Citation799 F. Supp. 1457
PartiesIn re Application of Adolf HÖRLER to take the testimony of certain persons for use in a probate proceeding pending in Oberengadin, Switzerland, pursuant to 28 U.S.C. § 1782.
CourtU.S. District Court — Southern District of New York

COPYRIGHT MATERIAL OMITTED

William Schurtman, New York City, for applicant.

Fred I. Sonnenfeld, Tammy Bigelow, Sullivan & Cromwell, New York City, for respondent.

Julius Kaplan, Washington, D.C., for intervenor Francesca Agusta.

MEMORANDUM & ORDER

BRIEANT, Chief Judge.

By motion fully submitted on April 21, 1992, applicant Adolf Hörler moves to compel two New York attorneys to produce certain documents in connection with a foreign probate proceeding. The Court will briefly summarize the tangled history of this litigation, which, the reader is warned, in some respects resembles the plot of a "Dynasty" episode; in others, regrettably, it recalls the infamous case of Jarndyce v. Jarndyce, first reported in the pages of Charles Dickens' Bleak House.

On June 14, 1989, Count Corrado Agusta died at the age of sixty-five. From 1971 to 1983, the Count had served as chairman of Gruppa Agusta, a successful helicopter construction company started by his grandfather. At the time of his death, the Count was an Italian citizen domiciled in St. Moritz, Switzerland. The Count was survived by his second wife, Countess Francesca Vacca Agusta-Grafagni, from whom he had received a separation decree in Italy in 1985, and by his son by his first marriage, Riccardo Agusta. Countess Agusta is also a citizen of Italy, but resides in Mexico, while Riccardo Agusta is an Italian citizen currently residing in Monte Carlo.

The Count's last Will and Testament, executed on November 11, 1988, appoints Dr. Hans Jurgi Zinsli of St. Moritz as executor of his estate, and specifically recites that it is subject to Swiss law. The Will bequeaths the Count's entire estate to his son, Riccardo Agusta. The state of relations between the Count and his estranged second wife can be gathered from the second paragraph of that instrument:

"I also dispose that my wife, FRANCESCA VACCA AGUSTA-GRAFAGNI, born October 29th, 1942, Italian citizen, resident in Mexico, and from whom I am legally separated, be disinherited in the event that at the time of my death, she be my heir.
This disinheritance is motivated by the fact that the said person named above has circulated numerous defamatory and slanderous statements about me, particularly in Italy, in Switzerland and in the United States of America and that she is looking for and threatening new ways to harass me and cause me prejudice with a view to collecting monies that are not due to her". Ex. 1 to April 21 Sonnenfeld Affidavit.

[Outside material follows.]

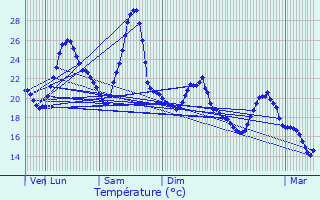 Graphique des tempratures prvues pour Labruyre-Dorsa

The Count and Countess were, apparently, no strangers to the courtroom. Before the Count's death, the Countess had sued in Supreme Court, New York County, in 1988 to impress a trust on a Fifth Avenue apartment owned by a Panamanian corporation allegedly controlled by the Count. The Court infers from counsel's statement at the argument of this motion that this litigation was resolved in the Count's favor; the Countess has apparently appealed, but that appeal has been automatically stayed due to the Count's death, and failure to appoint a representative to defend for his estate. See April 21 Tr. at 19.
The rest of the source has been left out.